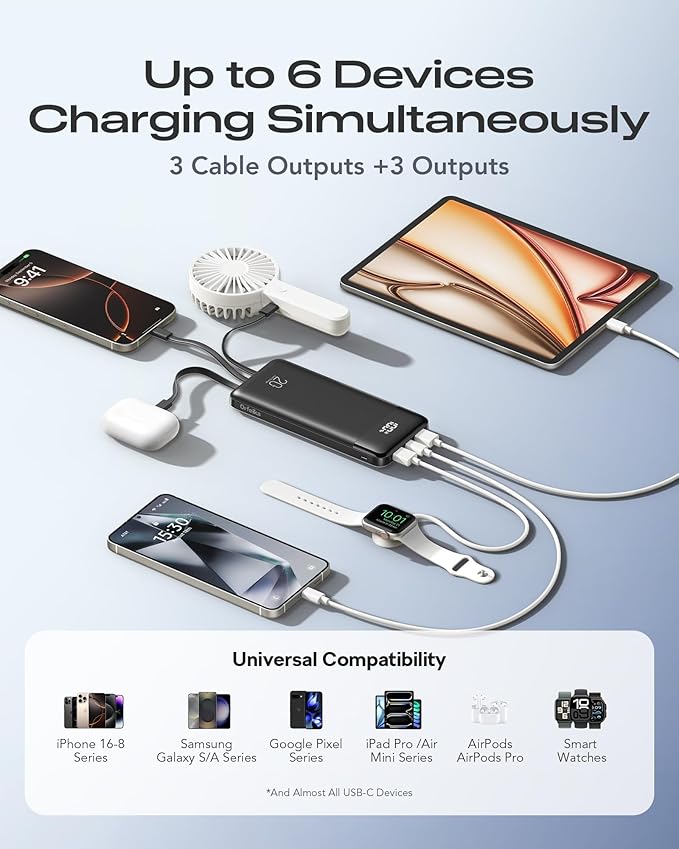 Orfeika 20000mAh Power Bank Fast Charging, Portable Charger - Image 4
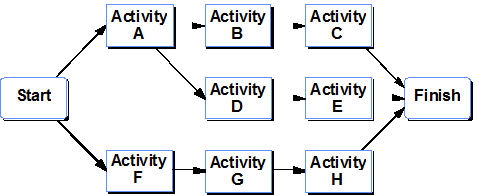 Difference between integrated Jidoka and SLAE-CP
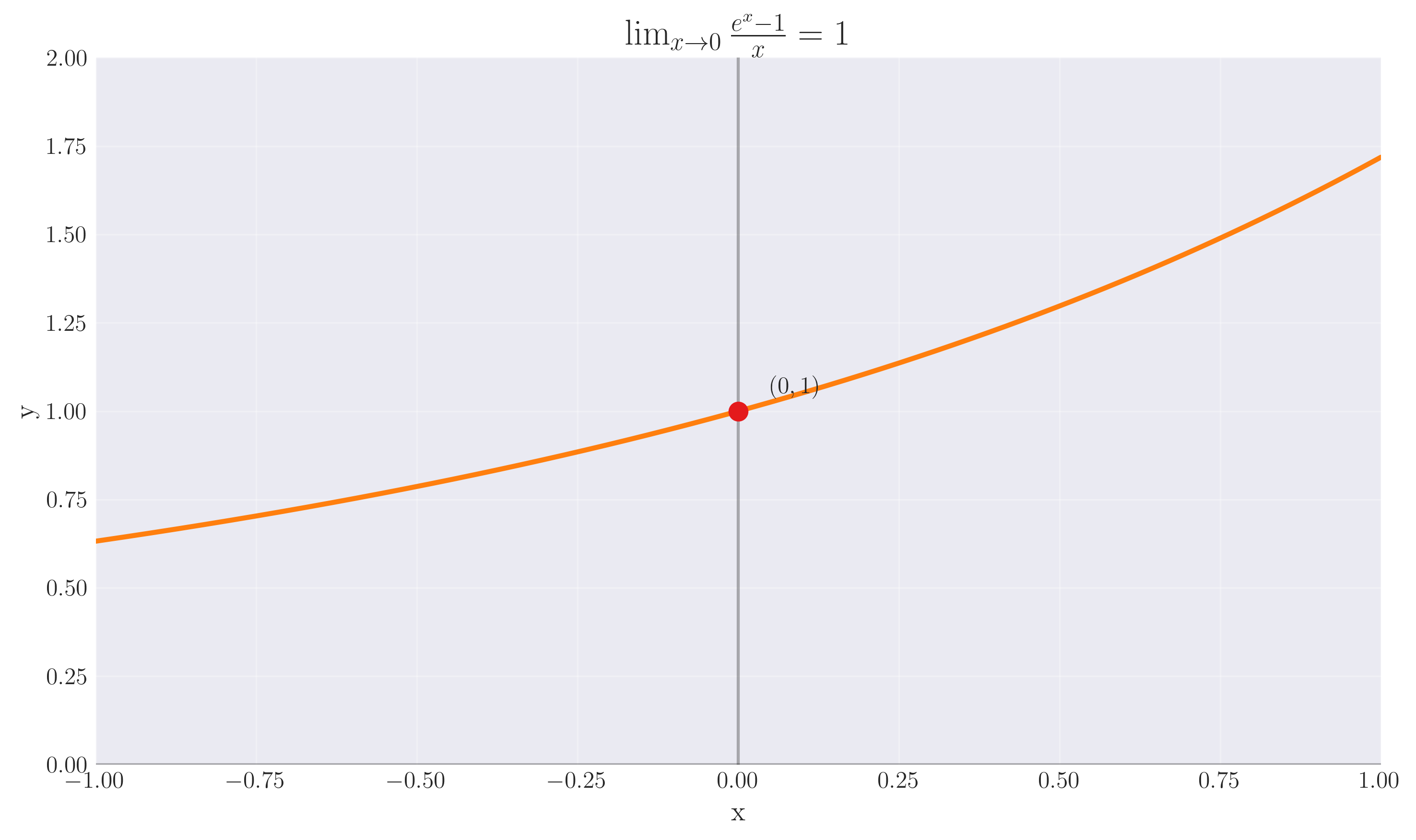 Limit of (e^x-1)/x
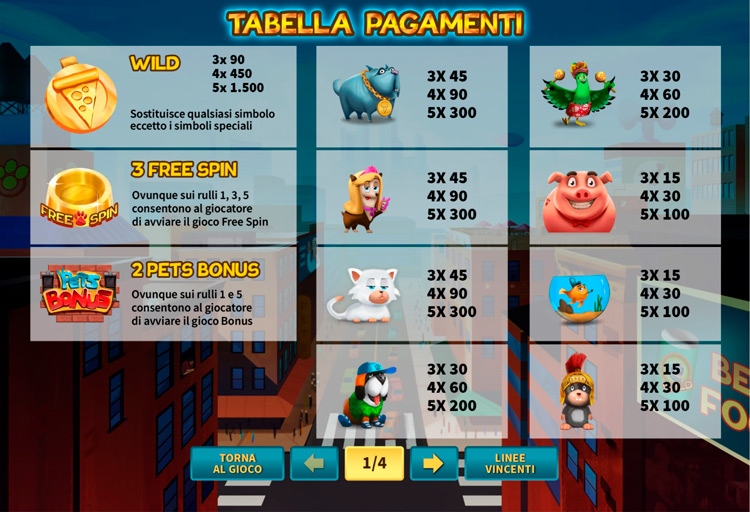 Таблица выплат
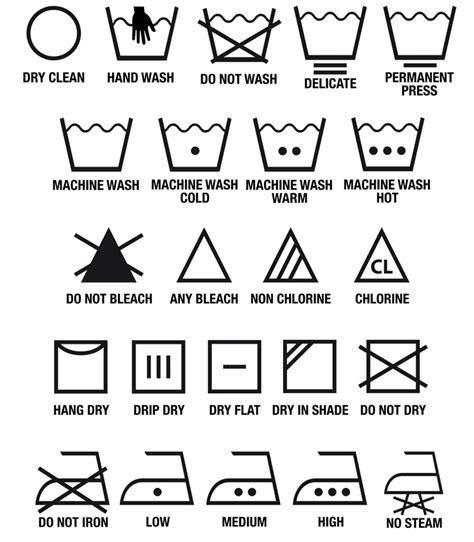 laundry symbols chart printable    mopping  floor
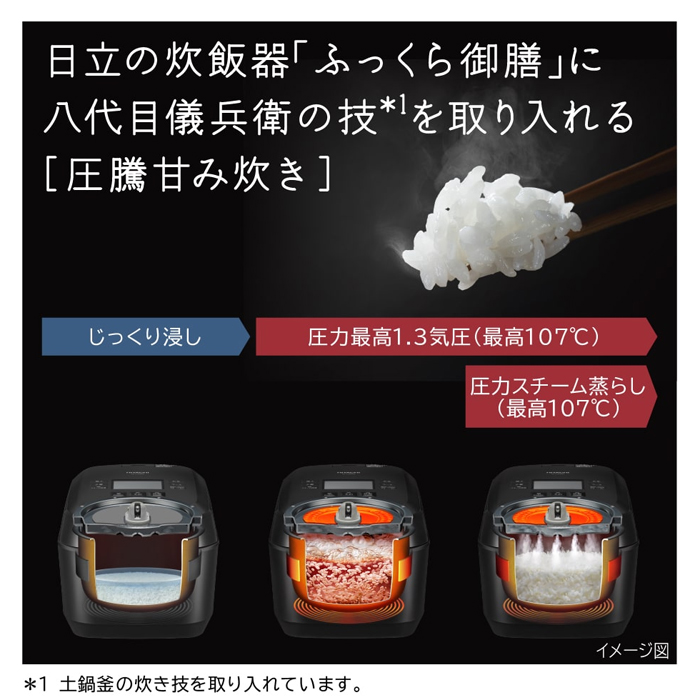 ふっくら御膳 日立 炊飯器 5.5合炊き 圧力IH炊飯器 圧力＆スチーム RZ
--
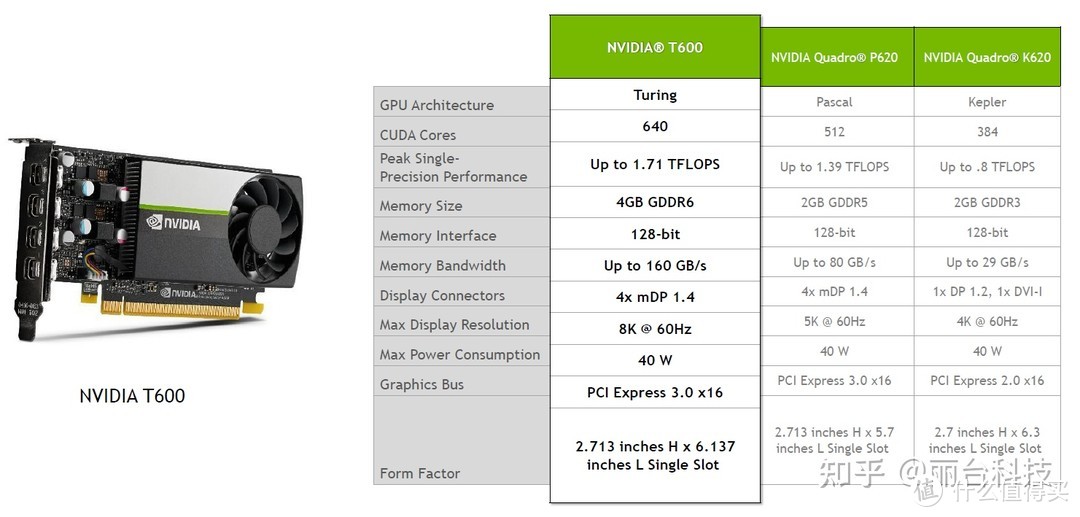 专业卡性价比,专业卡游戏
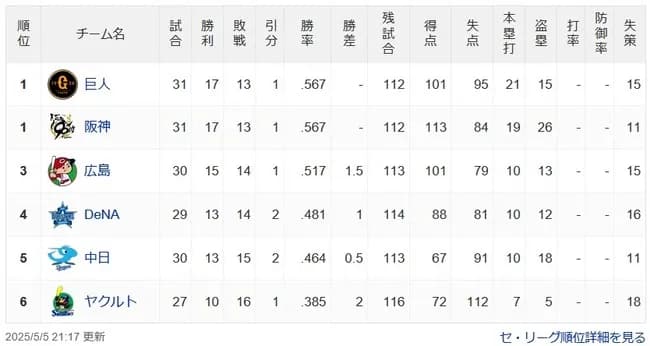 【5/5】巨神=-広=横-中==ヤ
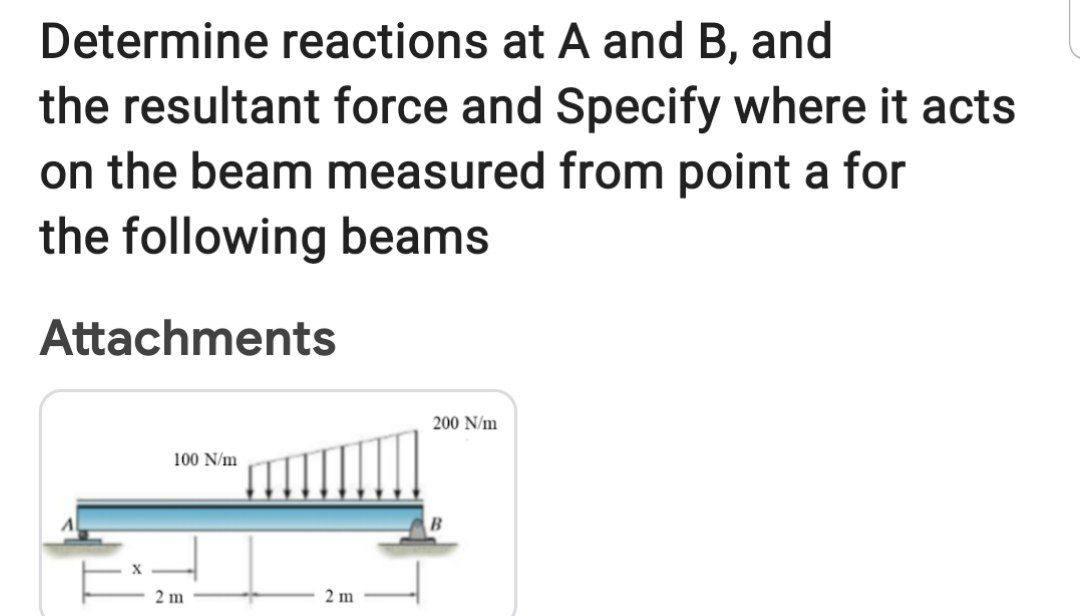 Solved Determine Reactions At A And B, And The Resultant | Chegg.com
==
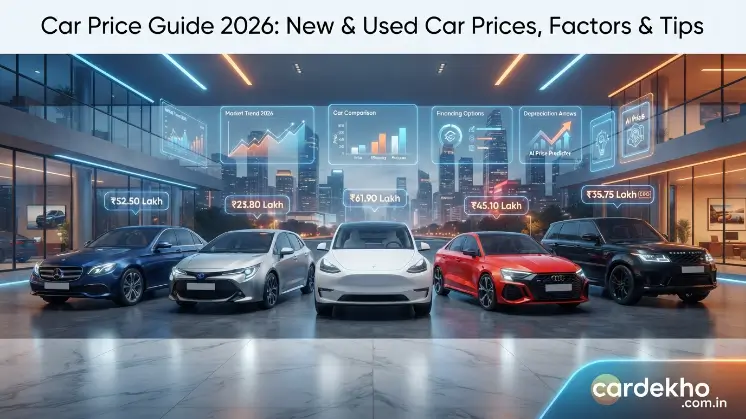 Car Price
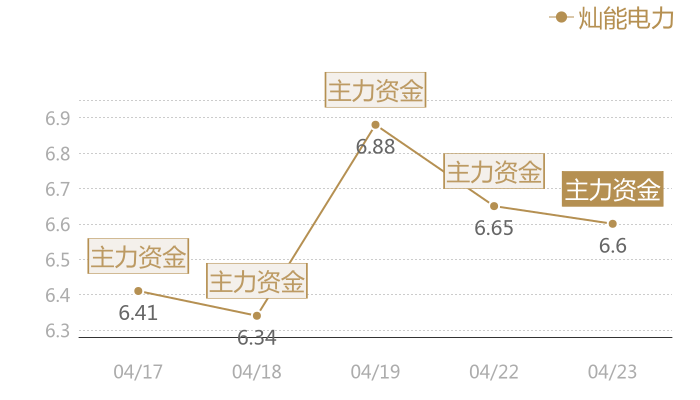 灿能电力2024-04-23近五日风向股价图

▶ **YOUR TASK**
Write out again exactly the lines above from the one with "Limit of (e^x-1)/x" through the one with "ふっくら御膳 日立 炊飯器 5.5合炊き 圧力IH炊飯器 圧力＆スチーム RZ", adding no other lines and no pictures.

▶ **FINISHED EXERCISE**
 Limit of (e^x-1)/x
 Таблица выплат
 laundry symbols chart printable    mopping  floor
 ふっくら御膳 日立 炊飯器 5.5合炊き 圧力IH炊飯器 圧力＆スチーム RZ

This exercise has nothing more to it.